How to complete this task:
An exact copy of every entry is needed, without any of the pictures.

Information supplied:
=== Begin Enclosure ===

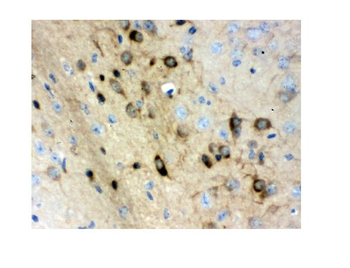 Anti-Stathmin 1/STMN1 Antibody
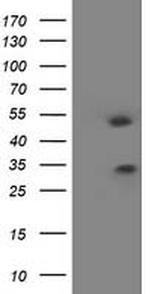 HOXC11 Antibody in Western Blot (WB)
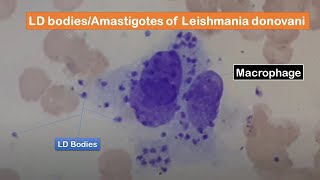 LD bodies Amastigotes of Leishmania donovani in skin smear of a cutaneous leishmaniasis patient [upl. by Mcconaghy822]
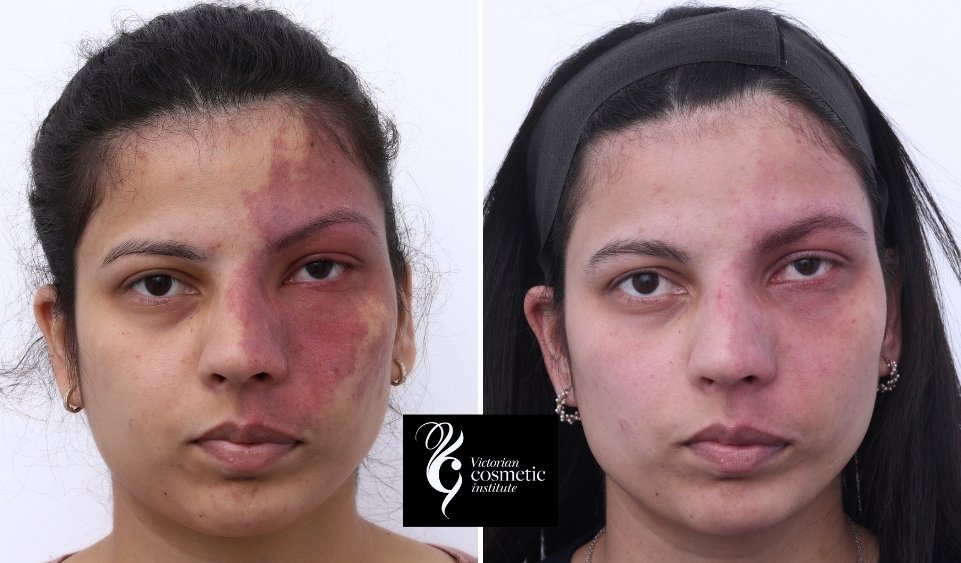 port wine stain before and after laser treatment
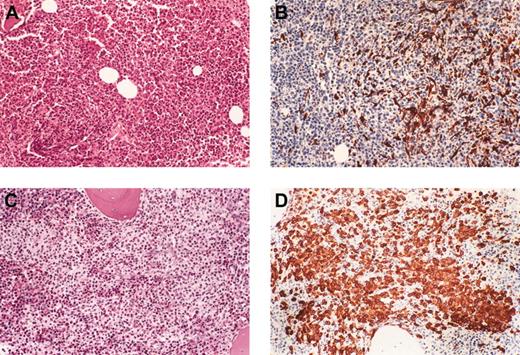 Figure 4. Differences in the histologic pattern of bone marrow mast cell infiltration in SMCD-eos patients with and without FIP1L1-PDGFRA fusion. Hematoxylin-eosin (H&E)–stained (A,C) and tryptase-immunostained (B,D) bone marrow biopsy tissue showing the ill-defined, loose aggregates of atypical mast cells associated with intense eosinophilia in cases with FIP1L1-PDGFRA fusion (A-B). Typical well-defined clusters of mast cells are rare and generally small (10-30 cells), and bone marrow mast cell infiltration may be difficult to recognize unless a tryptase immunostain is done for these patients. In contrast, patients without FIP1L1-PDGFRA fusion generally exhibit large, well-defined perivascular and/or peritrabecular clusters or diffuse infiltration of atypical mast cells associated with intense eosinophilia (C-D). Bone marrow mast cell infiltration is easily recognized on H&E-stained sections for these patients. Images were obtained using a Leitz Orthoplan microscope (Wetzlar, Germany) equipped with 160 ×/0.4 objective lenses (Leitz, Wetzlar, Germany).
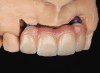 Fig 13. Porcelain-layered zirconia framework (CL-IIIb) with layered pink porcelain for the gingiva (Fig 13); final image in the mouth of the porcelain-layered zirconia framework (Fig 14) (images courtesy of Aram Torosian, MDC).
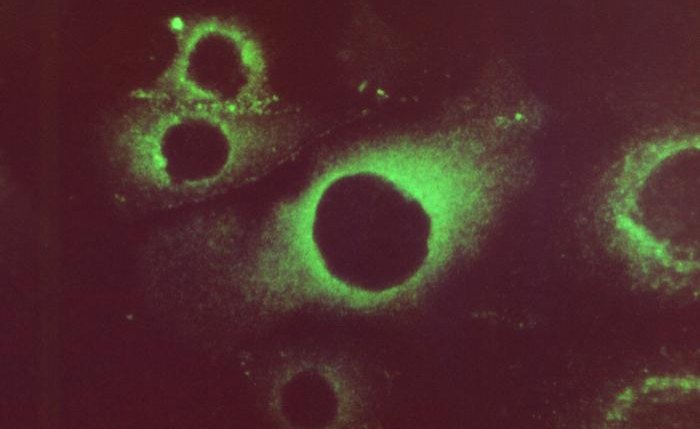 South Africa: Health Department Warns of Rise of Rubella - South African News Briefs - December 20, 2024
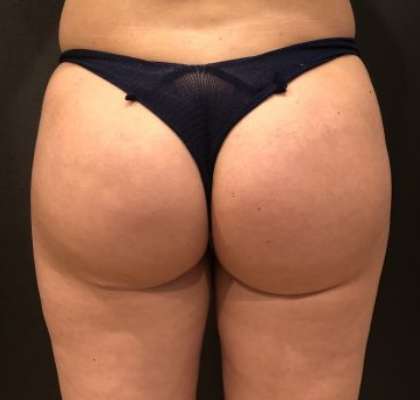 Fat Transfer to Butt Before & After Patient #6644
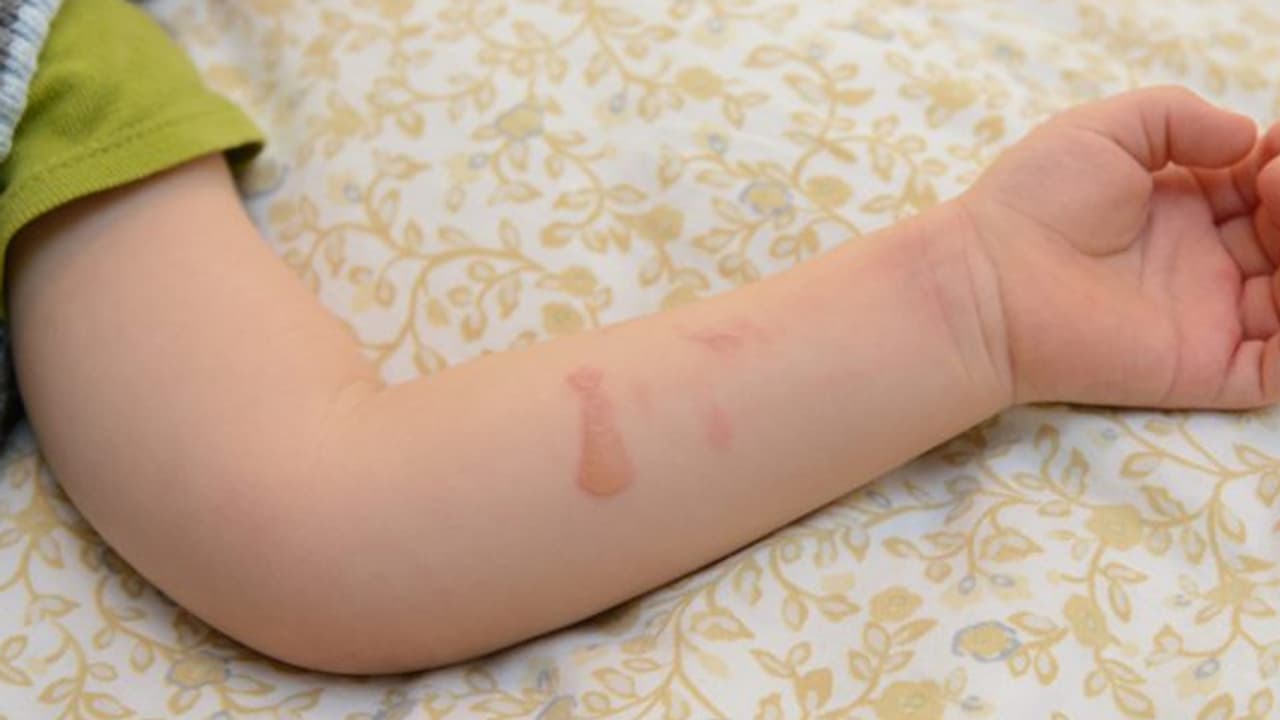 ఎంతైనా సవతి తల్లి సవతి తల్లే... నిద్రలో పక్క తడుపుతోందని చిన్నారికి వాతలు ఎంతైనా సవతి తల్లి సవతి తల్లే... నిద్రలో పక్క తడుపుతోందని చిన్నారికి వాతలు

=== End Enclosure ===

Output below:
 Anti-Stathmin 1/STMN1 Antibody
 HOXC11 Antibody in Western Blot (WB)
 LD bodies Amastigotes of Leishmania donovani in skin smear of a cutaneous leishmaniasis patient [upl. by Mcconaghy822]
 port wine stain before and after laser treatment
 Figure 4. Differences in the histologic pattern of bone marrow mast cell infiltration in SMCD-eos patients with and without FIP1L1-PDGFRA fusion. Hematoxylin-eosin (H&E)–stained (A,C) and tryptase-immunostained (B,D) bone marrow biopsy tissue showing the ill-defined, loose aggregates of atypical mast cells associated with intense eosinophilia in cases with FIP1L1-PDGFRA fusion (A-B). Typical well-defined clusters of mast cells are rare and generally small (10-30 cells), and bone marrow mast cell infiltration may be difficult to recognize unless a tryptase immunostain is done for these patients. In contrast, patients without FIP1L1-PDGFRA fusion generally exhibit large, well-defined perivascular and/or peritrabecular clusters or diffuse infiltration of atypical mast cells associated with intense eosinophilia (C-D). Bone marrow mast cell infiltration is easily recognized on H&E-stained sections for these patients. Images were obtained using a Leitz Orthoplan microscope (Wetzlar, Germany) equipped with 160 ×/0.4 objective lenses (Leitz, Wetzlar, Germany).
 Fig 13. Porcelain-layered zirconia framework (CL-IIIb) with layered pink porcelain for the gingiva (Fig 13); final image in the mouth of the porcelain-layered zirconia framework (Fig 14) (images courtesy of Aram Torosian, MDC).
 South Africa: Health Department Warns of Rise of Rubella - South African News Briefs - December 20, 2024
 Fat Transfer to Butt Before & After Patient #6644
 ఎంతైనా సవతి తల్లి సవతి తల్లే... నిద్రలో పక్క తడుపుతోందని చిన్నారికి వాతలు ఎంతైనా సవతి తల్లి సవతి తల్లే... నిద్రలో పక్క తడుపుతోందని చిన్నారికి వాతలు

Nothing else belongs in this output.